Dans l'ambiance mondiale du capitalisme en décadence, l'Europe est particulièrement touchée ; c'est elle qui, pour l'instant, en supporte le fardeau le plus lourd ; et les nuages qui s’amoncellent chaque jour dans le ciel de Berlin nous laissent à penser que nous ne vivons que le prologue.

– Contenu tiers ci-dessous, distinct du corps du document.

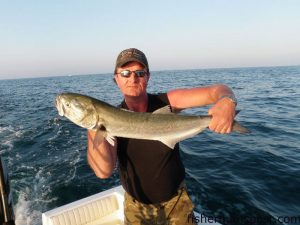 Roy Fowler, from TN, with a 10 lb. chopper bluefish he hooked on a Yo-Zuri Deep Diver while trollign at Diver's Rock with Capt. Jim Sabella of Plan 9 Fishing Charters out of Topsail Beach.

Dominant le monde à la fin du XIXème siècle, l'Europe voit son déclin s'engager très nettement dès la Première guerre mondiale. Ce n'est pas par hasard que la Révolution Russe n'est pas restée une révolution locale mais a atteint effectivement toute l'Europe centrale, ayant une portée et une signification internationales. Jusqu'en 1928-1929, cependant, la crise révolutionnaire ayant été circonscrite, la classe capitaliste espérait encore dans la SDN et des jours meilleurs. La crise de 1929 ne lui laissa pas d'illusions. C'est dans sa capacité de surmonter une crise que l'on peut voir la force d'un pays. L'Europe ne put surmonter la crise ; même dans l'effort de guerre, elle n'atteint que rarement, dans certains pays, le niveau de 1928. En 1938, à la veille de la guerre, en pleine course aux armements, l'Europe plafonne autour de la moitié du commerce extérieur de 1928. Aujourd'hui, alors qu'il s'agit encore de s'engager vers la production d'armements, la seule possible pour le capitalisme décadent, l'Europe a du mal à dépasser 1938 (voir les chiffres à la page suivante). Et le schisme politique, effet de l'amoindrissement de l'Europe, devient, à son tour, condition de son effondrement.
Les quelques tableaux du commerce extérieur des pays d’Europe orientale vont mieux nous mettre à même de situer concrètement ce dont il s'agit pour chacun de ces pays. Les commentaires de chaque pays seront complétés par la suite.
Les chiffres représentent des millions de dollars. Ces statistiques sont extraites de "L'inventaire de l'économie européenne" publié par l’INSEE (oct.-déc. 1947)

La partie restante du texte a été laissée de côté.